When Herodotus wrote
The
Histories, in the mid-fifth century
BCE,
prose was in its infancy in Greece, "rhetoric" was mainly
oral instruction - aided by condensed exemplars, rather
than formal analyses - and both "science" & "philosophy"
were still largely aphoristic, and coupled to poetic form.
And, not only was
The
Histories the first fairly systematic lengthy prose
work of analysis, it was also followed by a counter-reformation
of the discipline - in the shape of Thucydides work -
which dropped the anthropological angle, and the use of
much dubious hearsay evidence, but also narrowed the focus
in on the political/military sphere...an emphasis that
continued to dominate the discipline into the 20th century,
although by now much enriched by other concerns.
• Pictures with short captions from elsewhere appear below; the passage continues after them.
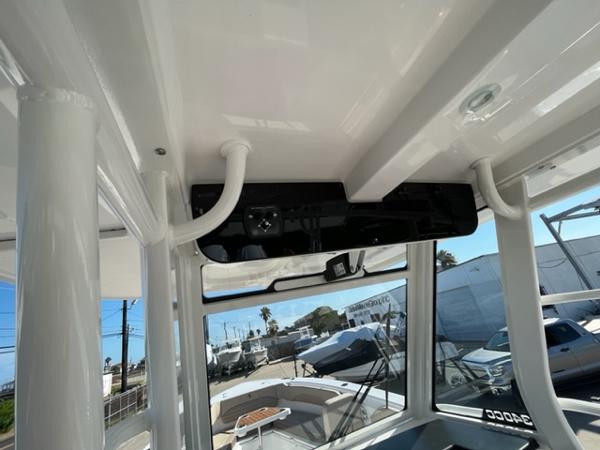 2023 Edgewater 340CC boat interior with overhead console and windows.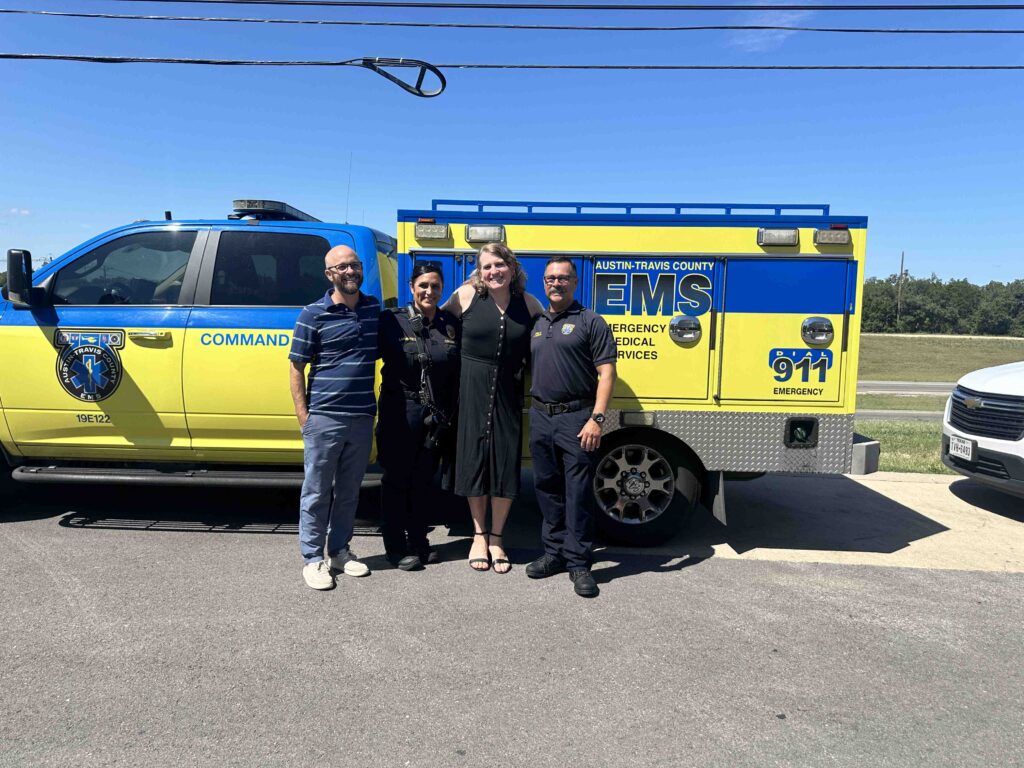 Four people smiling in front of EMS truck.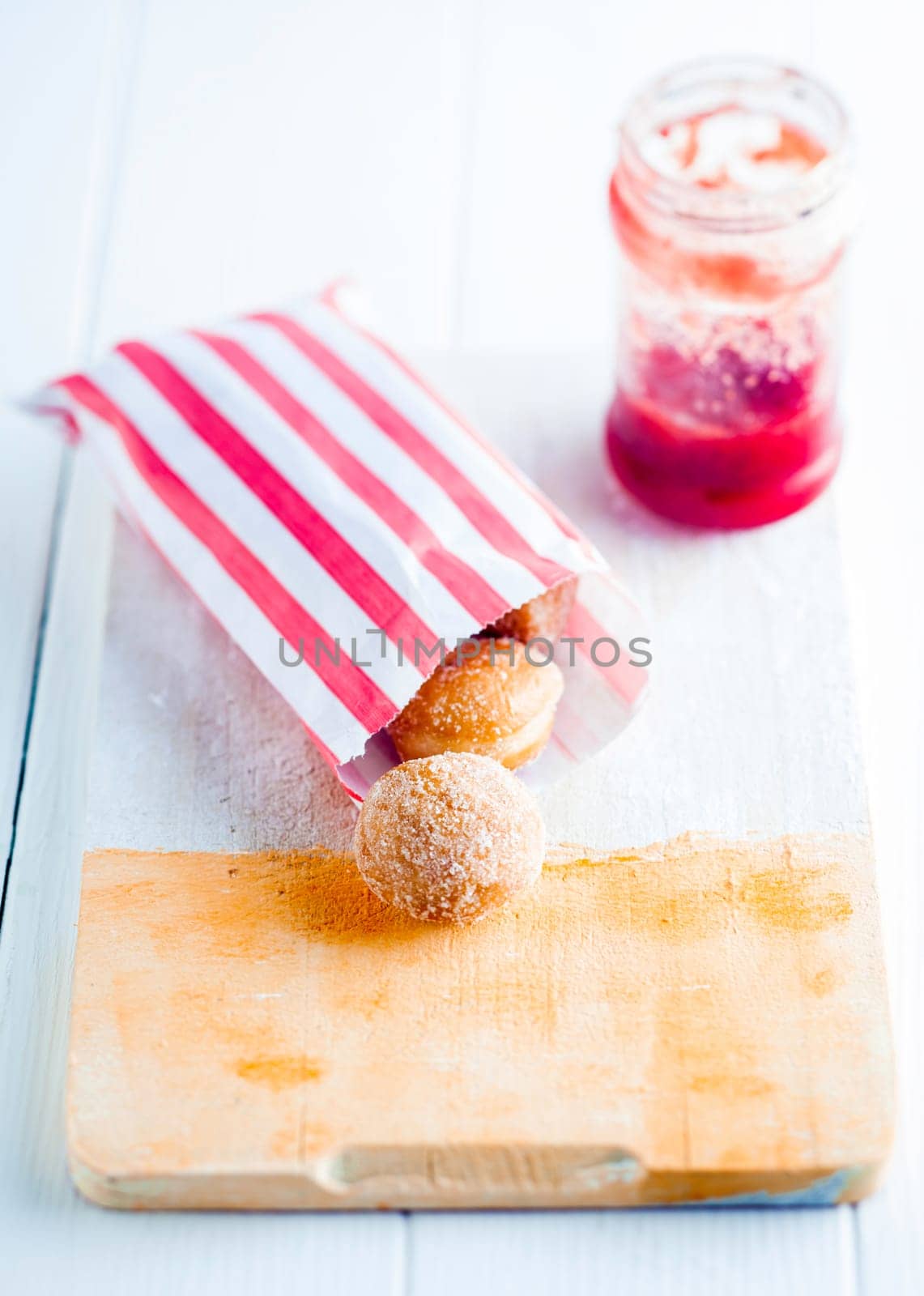 Colorful striped red and white paper takeaway packet of fresh sugared mini doughnuts on a wooden bread board with a bottle of jam or preserve behind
So, by the time the other intellectual modes had got their
act together - at least in this (influential) case - history
had preceded them twice...by setting the initial prose
mode, and by redefining itself in a more rigorous (although
not necessarily
superior) form...
Looking at the developmental evidence - for analogies,
not "primitive" models - this isn't actually too surprising.
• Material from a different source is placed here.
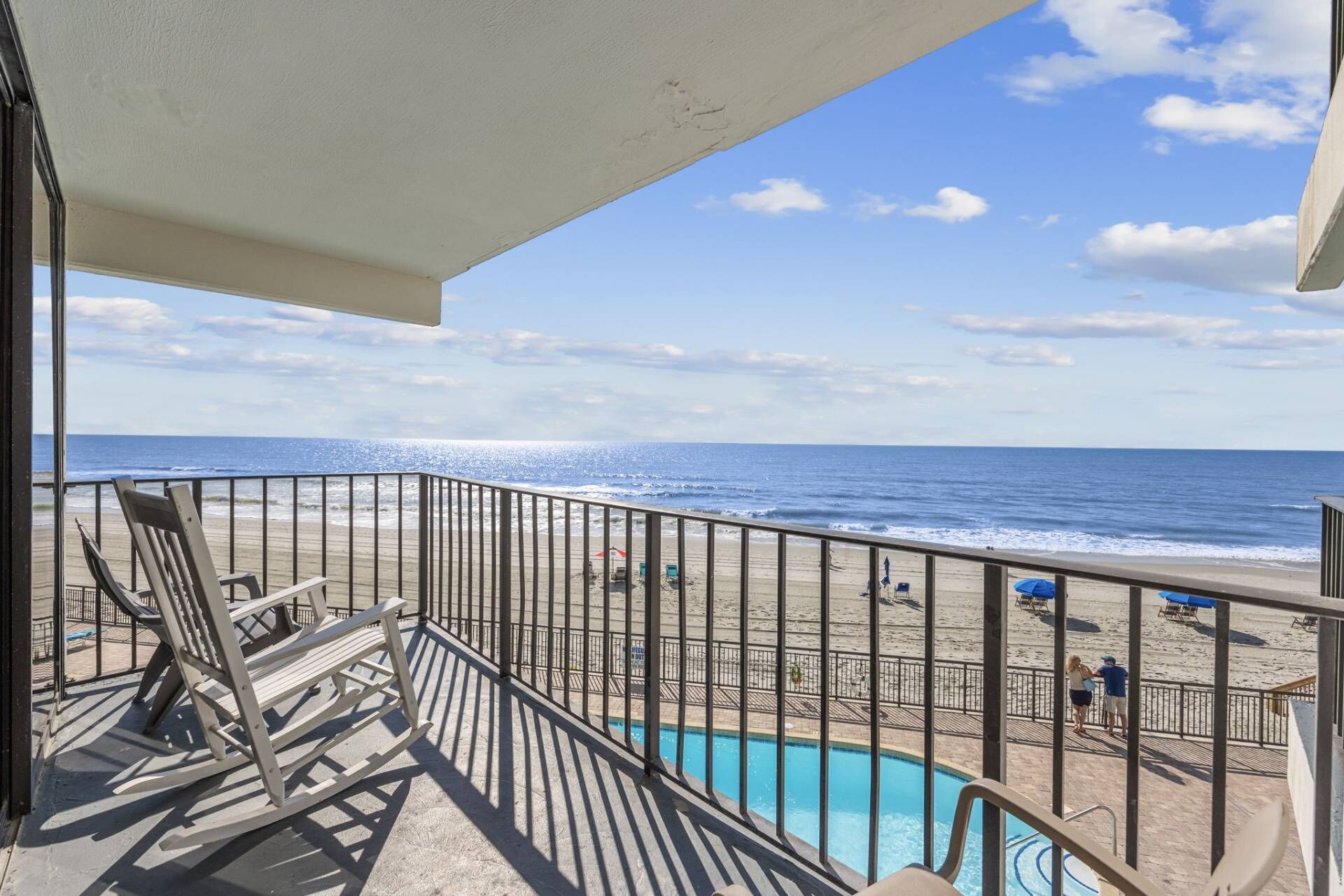 A balcony with a view of the beach and ocean.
As Kieran Egan has perceptively noted, much of the anthropology
in Herodotus comes across rather like a ancient Greek
Guinness Book of Records
- a near-universal favourite of kids at that age
when they first begin testing the factual extremities
of their world...and a key stage in developing the mental
tools they'll need for analytical thought.
So...both in phylogeny & ontogeny, history comes first
- which (of course) to superficially "progressive" thinkers
from Descartes on, means that it must be "primitive" and,
therefore, superseded by more formal approaches. Here,
despite all their rhetoric, the post-modernists are at
one w/the philosophical mainstream...as well as many areas
of science. Abandoning "grand narratives" boils down to
undermining narrative itself - not so coincidently, also
a venerable avant-garde tradition.
Trouble is, humans happen to be narrative creatures -
we ourselves are stories, constantly re-woven within the
memories that are never the fixed files we imagine - and
so, yet again, the postmodern presents us w/yet another
vain dystopia...which could only drive people insane who
were so foolish as to attempt a life bounded by its theology...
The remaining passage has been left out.